How are New York City pools different from other pools?
The water here is extremely metallic. Coming down from 100 miles north, it picks up a lot of metals—iron, copper—from all the piping. So when you fill a swimming pool here, they fill dark green—where you can’t even see the bottom.
How do you fix the color?
A lot of filtration. Usually it takes three days of filtration and treatment before it’s 100 percent blue and looking like you would want to go swimming in it.
What’s the grossest thing you’ve found in a pool?

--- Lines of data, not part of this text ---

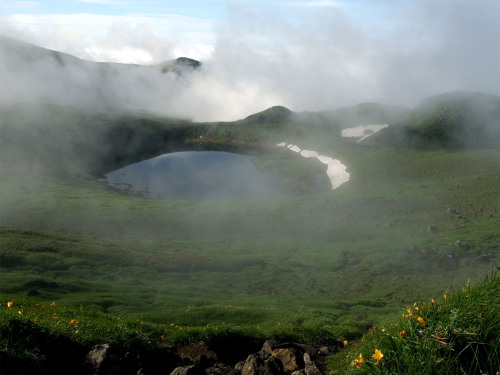 鳥海山　鳥ノ海火口　７月   Tori-no-umi crater, Mt. Chokai-san volcano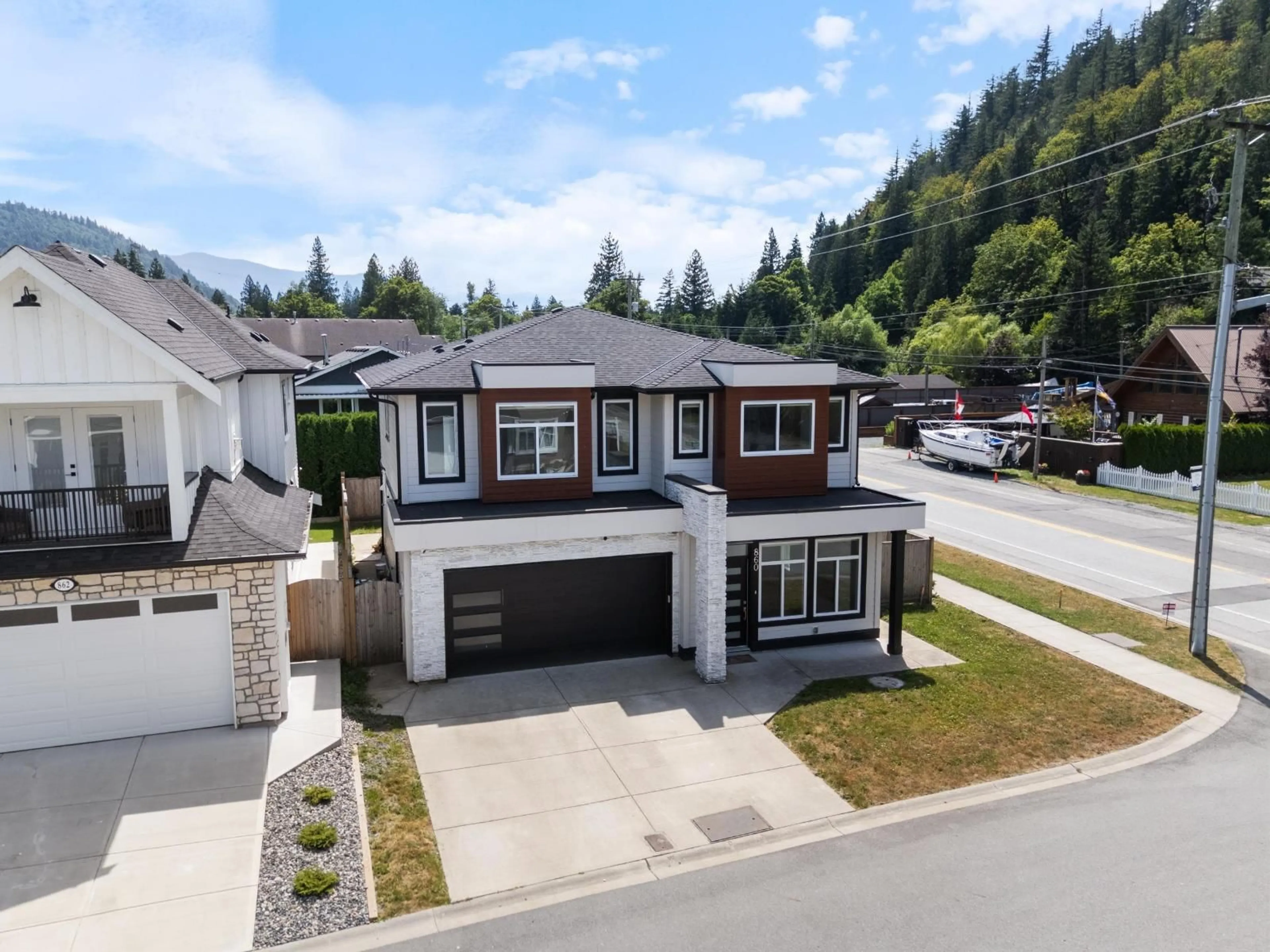A pic from outside/outdoor area/front of a property/back of a property/a pic from drone, street for 860 WILLOW PLACE, Harrison Hot Springs British Columbia V0M1K0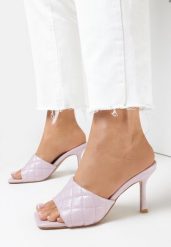 Liliowe Klapki Thalaxise. Fioletowe klapki Born2be, z aplikacjami, ze skóry ekologicznej, eleganckie, z otwartym noskiem, bez obcasa, na obcasie, bez zapięcia. W wyprzedaży za 82.49 zł.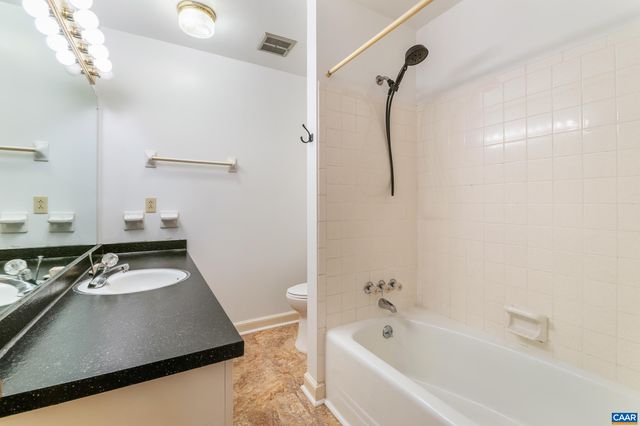 2200 BRANDYWINE DR, Charlottesville, VA 22901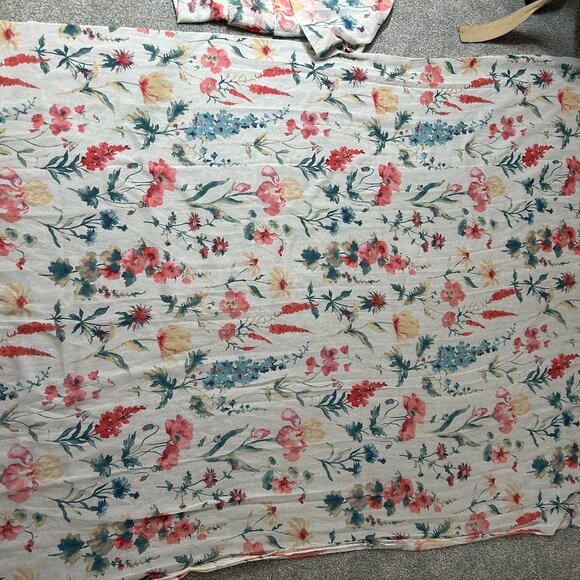 Spring Floral Sheer Rod pocket Curtain panels set of 2 Size 83 X 57 - Picture 1 of 6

That’s easy—a dead mouse. I’ve never seen a rat; I don’t know why. The mice, they get in during the night and get caught in the filters. They bloat up, the hair falls out, and they smell awful. But actually, compared to the suburbs, New York is pretty clean as far as pools go. You don’t get the leaves and the dirt. It’s pretty easy to keep the pools clean here, minus the water line.
The water line?
It surrounds the perimeter of the pool. In the city, it tends to get really grimy-looking. As people swim, their suntan lotion, the oil, comes off their bodies, sits on top of the water, and rubs up against the side of the pool. Like a bathroom ring.
Why is the scum line worse here?
The dirt in the air just turns it black.
Do you have a pool?
I don’t. The last thing I want to do when I’m not working is see a pool. When I go home, my friends are like, “Can you help fix my pool?” I enjoy my job, but at the end of the day, it’s like a chef who goes home at night and doesn’t want to cook.